JAKARTA, INDOMURIA.COM – Anggota Constitutional and Administrative Law Society (CALS), sekaligus dosen Fakultas Hukum Universitas Mulawarman, Herdiansyah Hamzah alias Castro, menyatakan bahwa upaya penonaktifan sejumlah anggota DPR RI belakangan ini hanyalah trik politik untuk meredam kritik publik.
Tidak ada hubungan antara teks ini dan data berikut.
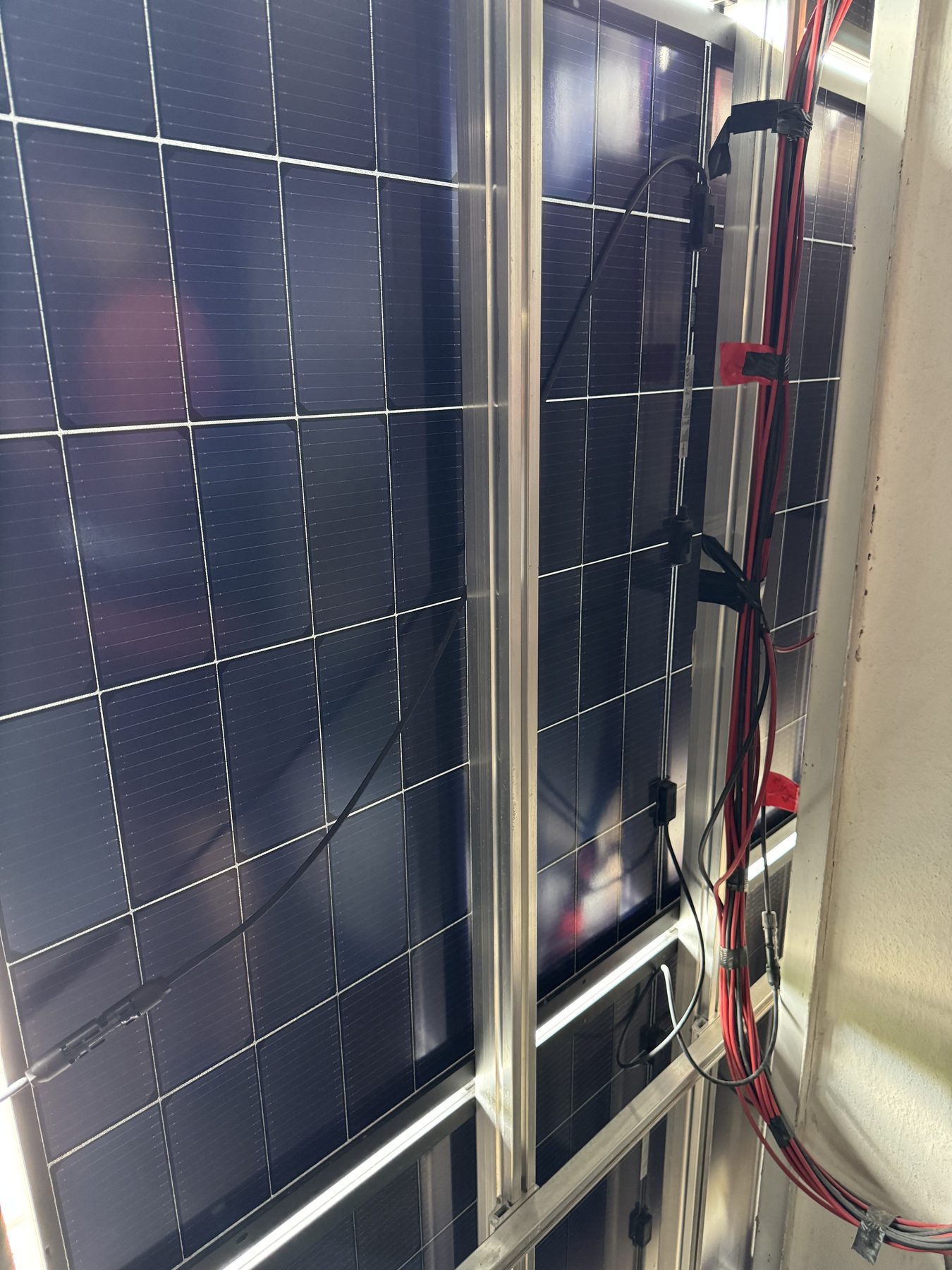 Photovoltaikmodule von innen im Fassadenzwischenraum, dazwischen die Aluminium-Unterkonstruktion und der rot-schwarze DC-Strang an der Wand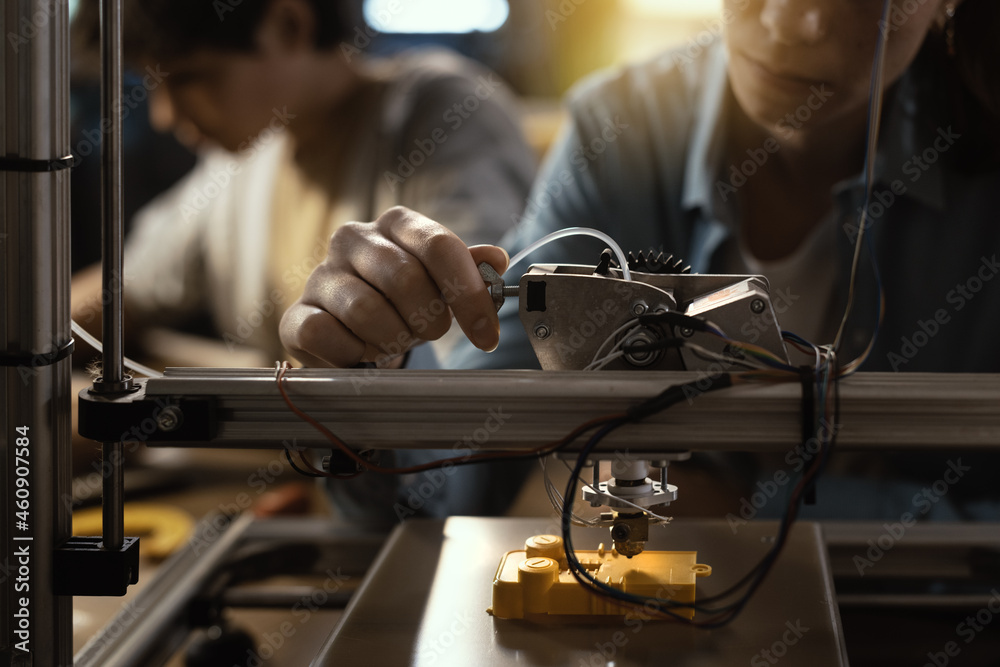 Smart students using a 3D printer Stock Photo | Adobe Stock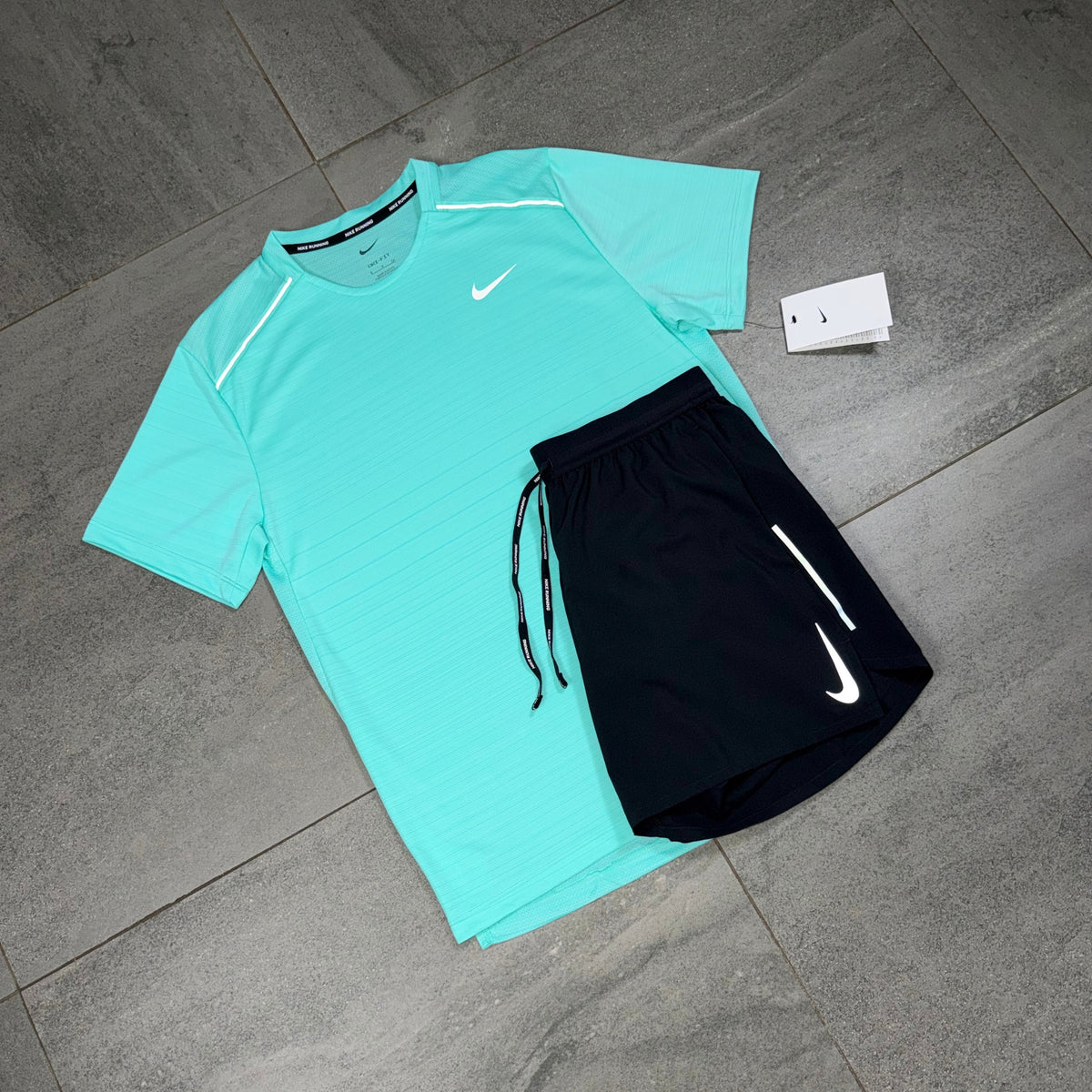 Black Nike OG Flex shorts arranged with a Hyper Turquoise Miler top for a two-piece sportswear outfit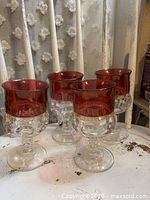 Four ruby rimmed King's Crown goblets on a table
Menurut Castro, istilah “penonaktifan” tidak dikenal dalam Undang-undang mengenai Majelis Permusyawaratan Rakyat, Dewan Perwakilan Rakyat, Dewan Perwakilan Daerah, dan Dewan Perwakilan Rakyat Daerah (UU MD3), maupun dalam Peraturan DPR tentang Tata Tertib. Ia menegaskan bahwa tindakan semacam itu tidak membawa konsekuensi hukum—anggota DPR yang disebut “dinonaktifkan” tetap menerima gaji.
Castro menilai langkah tersebut sebagai bentuk “akal-akalannya partai politik untuk menghindar dari kritik public.
Lebih lanjut, Castro menggarisbawahi bahwa jika maksudnya adalah pemberhentian sementara, maka mekanisme itu pun berbeda konteks dan prosedurnya berbeda. Pemberhentian sementara anggota DPR hanya bisa dilakukan melalui Rapat Paripurna, bukan berdasarkan keputusan partai politik.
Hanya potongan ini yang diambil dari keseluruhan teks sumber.